Equally, the rubberstamping of his decision to quit the Paris Agreement will inevitably fuel concerns that other governments that are hostile to the accord’s decarbonisation agenda could step up efforts to undermine the treaty.
Speaking last week, Rachel Kyte, Dean of the Fletcher School at Tufts University in the US and former CEO of NGO Sustainable Energy for All (SEforALL), acknowledged a second Trump term would likely result in big missed opportunities for the US to catch the crest of the global green economic wave. But she insisted a Trump White House would struggle to significantly dilute market forcs that are now working firmly in favour of clean technologies globally.
“I think we’re at tipping points now in terms of where capital is going, and we’re at tipping points in terms of where young people want to work, so the front-end of the energy transition is just going to go faster,” she said during an event hosted by the Energy and Climate Intelligence Unit (ECIU) think tank. “And so the question then for the Trump administration is do you try and hold back the tide, or do you find things within [the clean energy transition] that should be important to a fiscally responsible conservative government?”
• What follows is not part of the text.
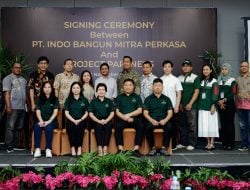 Penandatangan Memorandum of Understanding (MoU) Woodland Residence dengan Project Partners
Her comments were echoed by Peter Betts, associate fellow for the energy, environment, and resources programme at Chatham House, who argued recent moves by China, Japan, the EU, and South Korea to adopt net zero goals provided confidence that the broad coalition in support of the Paris Agreement would remain in tact regardless of the US election result. “The real economy shifts are absolutely huge,” he said. “It’s not just renewable energy being cheaper than fossil fuels in most parts of the world, electric vehicles are going to be cheaper even on a full life cost basis than internal combustion engines in the next few years . This change is irreversible. It’s inevitable.”